Optimizing costs of cloud infrastructures

Optimizing costs of cloud infrastructures

Practical case studies from enterprises and startups

Tickets

Loading…

  • Tips and tricks to optimize cloud costs - and how to stay optimized by design

    Zainab Bawa

    @zainabbawa

    Pravanjan Choudhury, CTO at Capillary Technologies and co-founder at Facets.Cloud, made a presentation on the topic of how to stay optimized by design on 26 November. This session followed his previous presentation on the mental models for thinking about cloud costs.
    In this session, Pravanjan suggests some tips and tricks for optimization, and how to design your systems to maximize optimization. These include:

    1. Tagging
    2. How to use different instruments of cost visibility in AWS effectively
    3. Efficient use of machine reservations
    4. Tying costs with workloads

    Let’s dive deeper into each of these suggestions. (You can skip to the section that is most relevant for your needs.)

    1. Tagging

    • To achieve tagging, cloud resources need to be tagged much more intentionally. The goal is to know the end consumers who are going to get the scores to use. Tagging is done by breaking the resources down by decentralized attribution.
    • Split the products - or split your AWS account into one for non-production and one for production – to makes attribution easier. It removes the need of excessive tags and also facilitates other cloud best practices like more security. A decentralized setup for cost optimization - by design - will have all the tagging inside your infrastructure as code.
    • In instances where AWS tagging is not enough, use a Kubernetes cluster and create a community share tag. Wherever you can’t attribute or get shared platforms which are sharing the same underlying platform, there you have to label it in a way to attribute installation and then proportionate to the shared cost.

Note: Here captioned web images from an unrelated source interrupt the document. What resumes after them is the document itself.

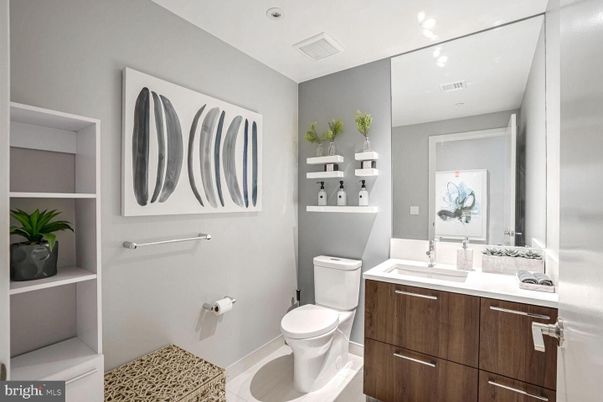 Bathroom, Interior, Recessed Lighting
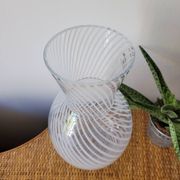 Vase en verre soufflé artisanal Murano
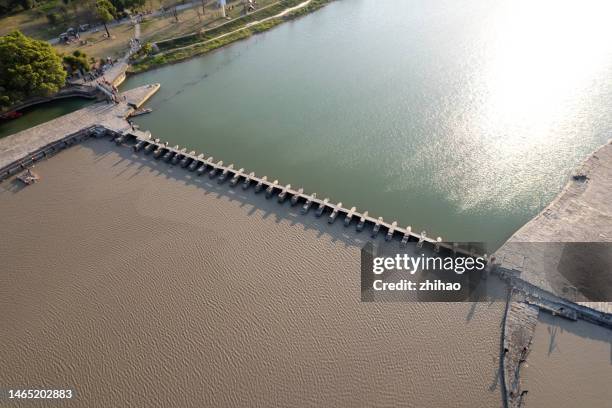 bird's-eye view of water conservancy projects thousands of years ago - dique barragem imagens e fotografias de stock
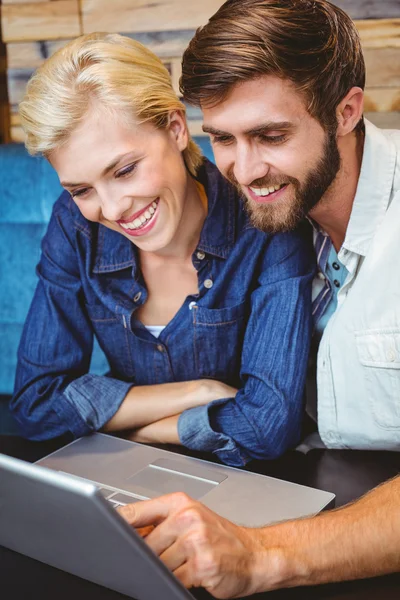 Pareja en la fecha viendo fotos en el ordenador portátil —  Fotos de Stock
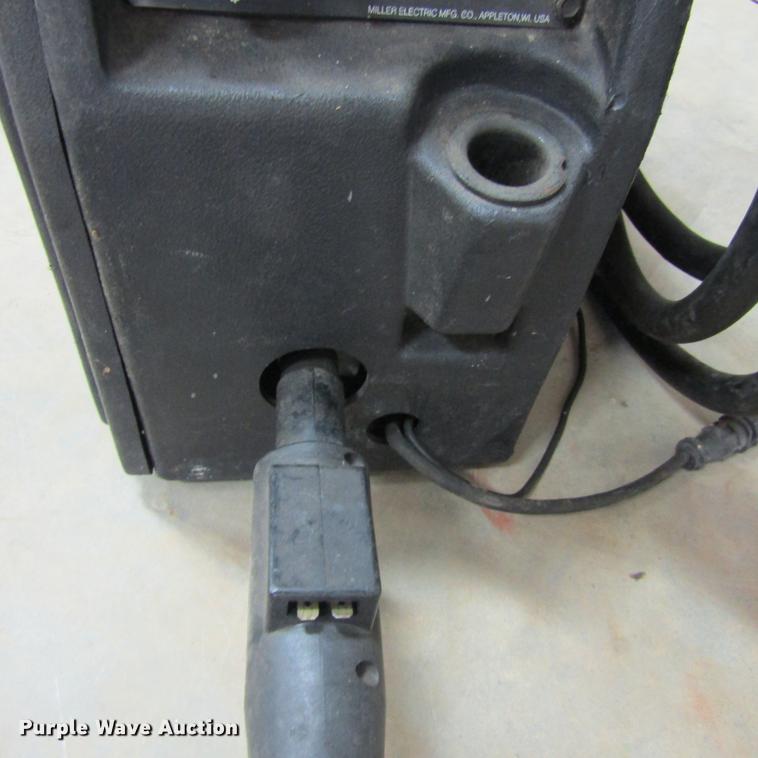image for item AZ9386 Miller S-32P wire welder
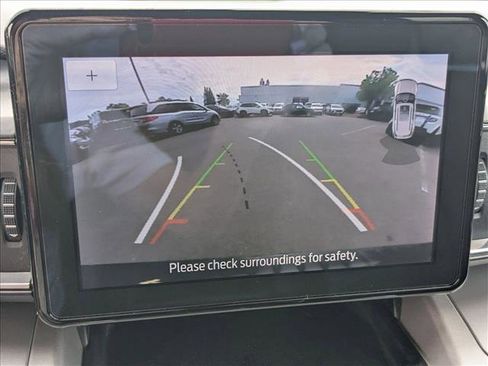 Used 2023 Ford Explorer XLT w/ Equipment Group 202A image 13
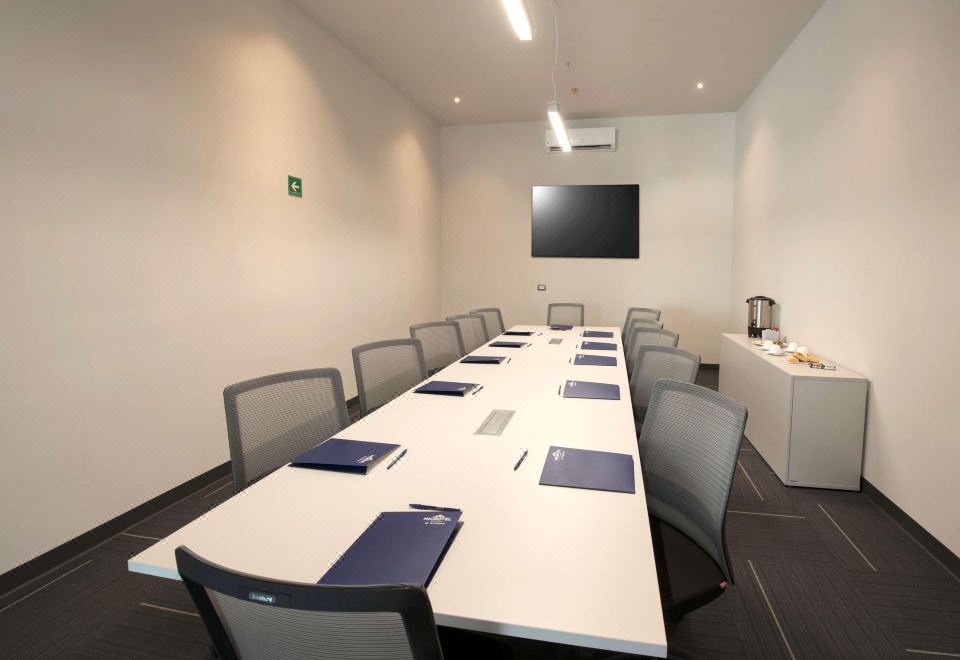 Microtel Inn & Suites by Wyndham San Luis Potosi Hotel Overview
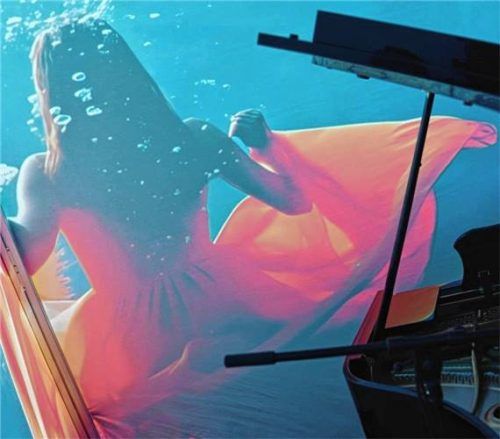 Abschlusskonzert der Kunstperformance „Aktion 9.09“: Pianist „Stranger“ präsentiert ein einzigartiges Werk, das aus den Begegnungen der Aktion entstanden ist. Foto Neyses/Hollenbach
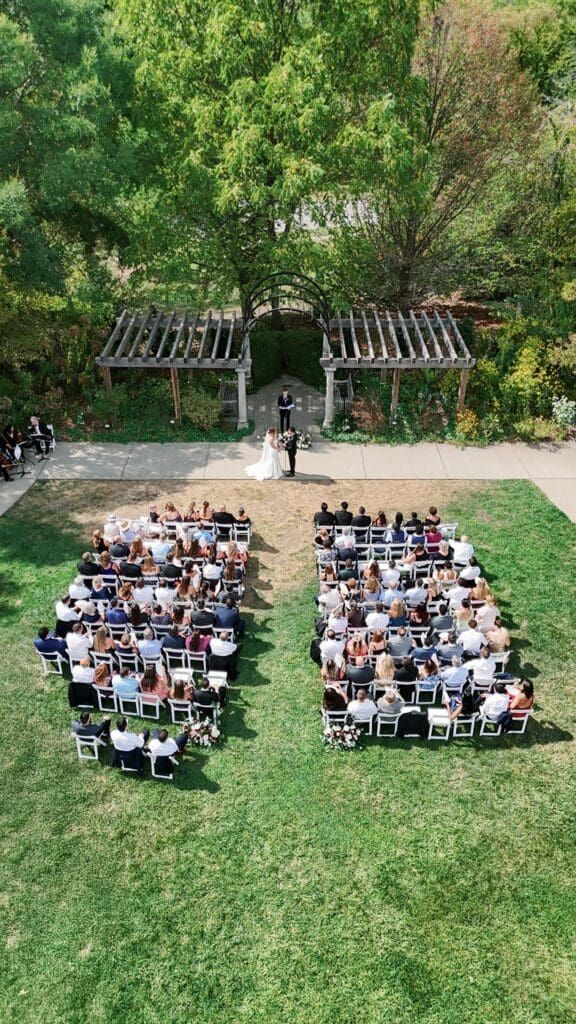 Cincinnati wedding ceremony in a garden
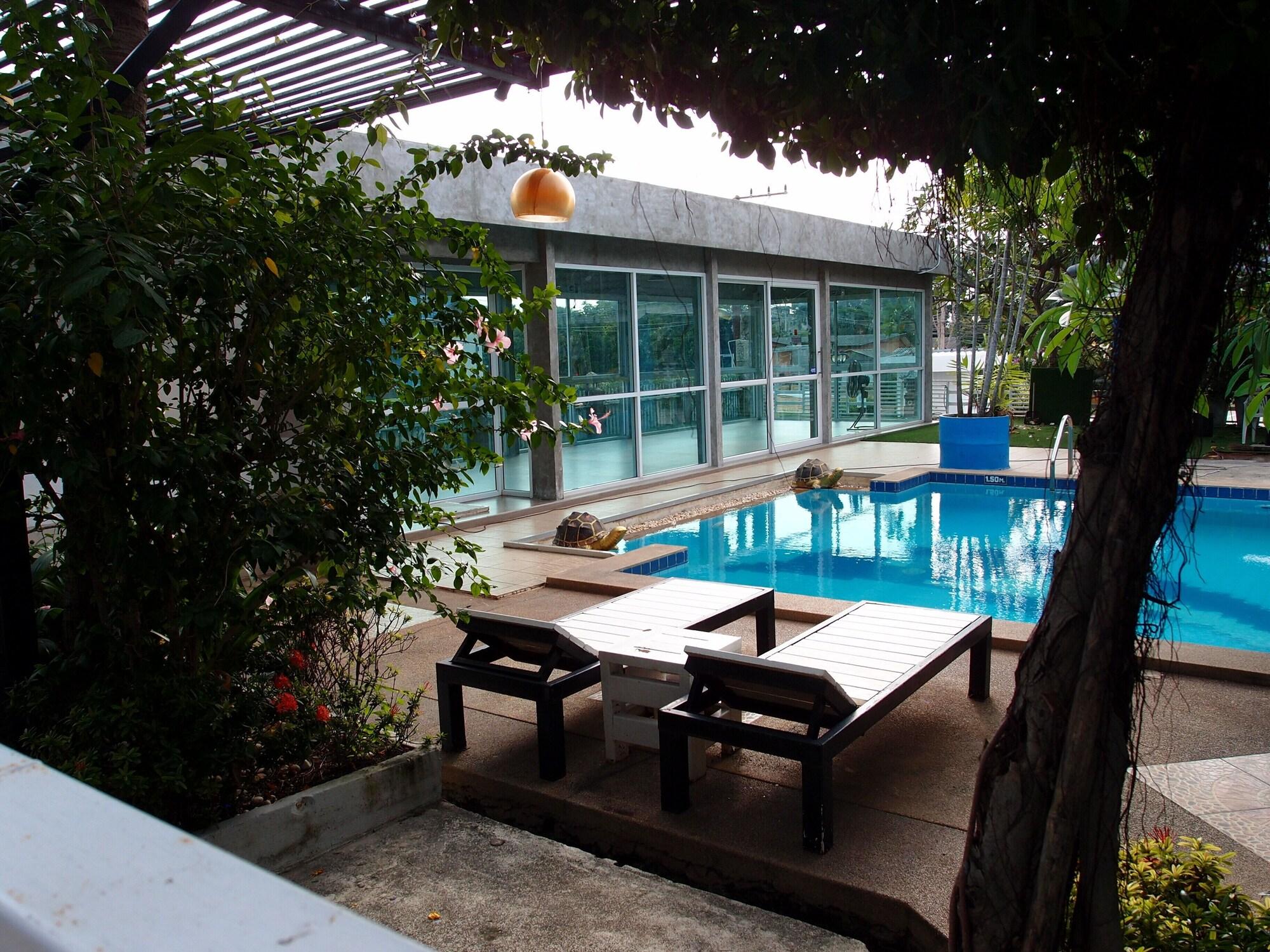 Blue Garden Resort Pattaya Pantai Jomtien Bagian luar foto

    2. Using different instruments of cost visibility in AWS

    • Using AWS cost categories, break down your costs to detect baseline and anomalies for each of the teams or product groups. AWS cost categories lets you create dimensions which are business-centric and not asset-centric. Create rules for each of these dimensions, and then add multiple rules as tags.
    • If you also have shared tags between the products, get the data out of the cost explorer, or use the base AWS detailed line items to tie it up with their utilization from Prometheus or Grafana to create the tooling yourself.
    • Whenever an anomaly happens, the dimension in which it is happening may not be captured. In such a case, it is good to break down dimensions both asset wise and in business metrics combinations, and also have a category which is unclassified.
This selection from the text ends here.